Early Stage Venture Capital Limited Partnerships (ESVCLP)
At a glance
Provides fund managers and investors with tax benefits, including a tax exemption on an investor’s share of a fund’s income and gains.
Who can apply:
At a minimum, you must:
- be a limited partnership or an incorporated limited partnership
- be established in Australia or in a country with which Australia has a double tax agreement
- have a partnership agreement that ensures the partnership will exist for between five and 15 years.

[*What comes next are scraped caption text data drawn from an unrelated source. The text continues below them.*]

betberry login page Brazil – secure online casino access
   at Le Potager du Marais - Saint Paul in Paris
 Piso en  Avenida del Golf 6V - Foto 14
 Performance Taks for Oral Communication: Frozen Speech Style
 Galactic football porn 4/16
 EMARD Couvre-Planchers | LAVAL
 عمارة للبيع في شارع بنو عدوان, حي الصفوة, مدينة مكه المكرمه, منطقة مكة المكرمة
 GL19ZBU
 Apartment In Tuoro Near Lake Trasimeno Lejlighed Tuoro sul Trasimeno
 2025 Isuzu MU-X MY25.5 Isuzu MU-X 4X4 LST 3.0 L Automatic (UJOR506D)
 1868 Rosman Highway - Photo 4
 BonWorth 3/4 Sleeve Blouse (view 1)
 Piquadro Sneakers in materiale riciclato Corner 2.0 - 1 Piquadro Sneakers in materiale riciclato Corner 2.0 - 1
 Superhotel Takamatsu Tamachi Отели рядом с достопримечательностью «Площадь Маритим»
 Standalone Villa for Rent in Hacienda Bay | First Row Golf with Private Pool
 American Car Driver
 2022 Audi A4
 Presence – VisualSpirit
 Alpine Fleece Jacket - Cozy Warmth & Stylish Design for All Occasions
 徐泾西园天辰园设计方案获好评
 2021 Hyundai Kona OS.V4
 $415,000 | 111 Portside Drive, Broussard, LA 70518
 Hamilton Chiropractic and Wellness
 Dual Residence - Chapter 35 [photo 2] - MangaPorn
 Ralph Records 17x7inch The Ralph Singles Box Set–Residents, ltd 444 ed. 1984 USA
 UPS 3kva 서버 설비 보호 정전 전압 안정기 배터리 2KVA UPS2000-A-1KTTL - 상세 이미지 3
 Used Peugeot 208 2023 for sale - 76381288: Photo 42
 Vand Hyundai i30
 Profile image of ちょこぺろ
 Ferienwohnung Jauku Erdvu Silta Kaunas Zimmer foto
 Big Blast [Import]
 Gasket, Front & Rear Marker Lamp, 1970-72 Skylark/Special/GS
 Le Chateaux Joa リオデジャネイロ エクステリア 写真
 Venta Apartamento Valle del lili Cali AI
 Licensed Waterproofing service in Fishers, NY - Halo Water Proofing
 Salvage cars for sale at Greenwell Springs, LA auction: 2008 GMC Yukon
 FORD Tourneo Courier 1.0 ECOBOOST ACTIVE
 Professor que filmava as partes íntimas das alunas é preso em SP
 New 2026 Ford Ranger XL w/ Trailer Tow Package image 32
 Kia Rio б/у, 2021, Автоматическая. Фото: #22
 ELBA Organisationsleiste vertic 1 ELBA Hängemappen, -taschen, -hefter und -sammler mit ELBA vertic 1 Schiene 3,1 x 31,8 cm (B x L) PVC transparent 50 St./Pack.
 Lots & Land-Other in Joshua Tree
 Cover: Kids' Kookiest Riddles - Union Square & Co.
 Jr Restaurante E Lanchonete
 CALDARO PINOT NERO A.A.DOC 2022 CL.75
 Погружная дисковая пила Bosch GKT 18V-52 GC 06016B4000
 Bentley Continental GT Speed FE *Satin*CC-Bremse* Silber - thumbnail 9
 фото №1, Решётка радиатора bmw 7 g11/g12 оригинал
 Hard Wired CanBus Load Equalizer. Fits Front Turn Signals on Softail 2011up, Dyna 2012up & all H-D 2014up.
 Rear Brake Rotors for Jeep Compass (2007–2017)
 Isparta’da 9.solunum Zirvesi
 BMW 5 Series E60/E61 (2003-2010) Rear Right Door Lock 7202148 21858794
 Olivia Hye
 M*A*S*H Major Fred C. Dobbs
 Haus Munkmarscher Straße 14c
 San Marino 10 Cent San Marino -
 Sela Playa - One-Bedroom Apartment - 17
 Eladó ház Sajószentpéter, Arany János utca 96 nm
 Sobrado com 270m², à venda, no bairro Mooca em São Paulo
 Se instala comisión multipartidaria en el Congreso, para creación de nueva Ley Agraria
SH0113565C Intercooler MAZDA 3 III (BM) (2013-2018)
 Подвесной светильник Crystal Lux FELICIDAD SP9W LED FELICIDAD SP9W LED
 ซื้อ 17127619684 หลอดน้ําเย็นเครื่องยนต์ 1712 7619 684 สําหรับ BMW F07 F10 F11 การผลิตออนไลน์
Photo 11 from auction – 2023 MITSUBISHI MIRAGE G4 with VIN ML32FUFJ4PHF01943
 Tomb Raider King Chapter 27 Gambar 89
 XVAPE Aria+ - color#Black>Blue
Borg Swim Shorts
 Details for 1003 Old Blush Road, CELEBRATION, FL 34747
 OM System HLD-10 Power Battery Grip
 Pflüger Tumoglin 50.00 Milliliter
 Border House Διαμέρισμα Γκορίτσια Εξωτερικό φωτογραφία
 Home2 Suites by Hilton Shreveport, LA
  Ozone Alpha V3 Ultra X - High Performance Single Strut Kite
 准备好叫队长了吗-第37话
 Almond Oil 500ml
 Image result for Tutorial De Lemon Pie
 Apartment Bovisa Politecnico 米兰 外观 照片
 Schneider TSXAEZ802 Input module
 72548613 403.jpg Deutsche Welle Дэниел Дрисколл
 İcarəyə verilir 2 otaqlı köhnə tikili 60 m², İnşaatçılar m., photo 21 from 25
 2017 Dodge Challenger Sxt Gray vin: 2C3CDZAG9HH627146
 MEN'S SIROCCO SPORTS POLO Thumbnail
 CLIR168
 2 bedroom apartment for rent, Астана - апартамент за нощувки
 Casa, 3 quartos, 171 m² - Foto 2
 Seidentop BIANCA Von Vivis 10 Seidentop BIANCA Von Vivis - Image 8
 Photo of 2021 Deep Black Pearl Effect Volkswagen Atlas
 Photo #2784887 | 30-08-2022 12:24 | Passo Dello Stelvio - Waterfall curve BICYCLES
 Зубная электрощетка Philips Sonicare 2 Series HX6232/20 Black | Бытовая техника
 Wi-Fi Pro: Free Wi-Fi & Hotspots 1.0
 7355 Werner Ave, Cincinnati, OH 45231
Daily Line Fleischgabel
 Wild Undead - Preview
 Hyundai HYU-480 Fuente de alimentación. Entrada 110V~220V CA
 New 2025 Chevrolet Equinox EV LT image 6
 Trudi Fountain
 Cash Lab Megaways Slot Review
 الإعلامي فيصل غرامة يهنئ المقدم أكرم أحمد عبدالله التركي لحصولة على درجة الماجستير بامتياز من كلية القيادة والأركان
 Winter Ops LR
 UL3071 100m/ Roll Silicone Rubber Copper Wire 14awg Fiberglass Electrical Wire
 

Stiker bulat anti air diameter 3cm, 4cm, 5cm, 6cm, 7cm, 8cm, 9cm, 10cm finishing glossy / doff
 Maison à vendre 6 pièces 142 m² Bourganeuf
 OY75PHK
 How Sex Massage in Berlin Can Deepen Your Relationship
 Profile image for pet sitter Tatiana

Other eligibility requirements apply.
The Early Stage Venture Capital Limited Partnership (ESVCLP) program aims to stimulate the early stage venture capital sector in Australia by:
- helping fund managers attract pooled capital so they can raise new venture capital funds of between $10 million and $200 million to invest in innovative early stage businesses
- offering tax benefits to fund managers and investors
- connecting investors with early stage businesses
- helping Australian businesses grow by receiving financial support and guidance from expert advisers.
Fund managers can apply to Innovation and Science Australia to register a partnership as an ESVCLP. The Department of Industry, Innovation and Science and the Australian Taxation Office (ATO) jointly administer the program on behalf of the Australian Government.
If you are a potential venture capital investor, read Looking to invest in Australia's venture capital market. If you are an investor seeking access to a portfolio of early stage companies, see the ESVCLP list.
If you are a business looking for funding, read Seeking venture capital investment.
Discover how an ESVCLP works.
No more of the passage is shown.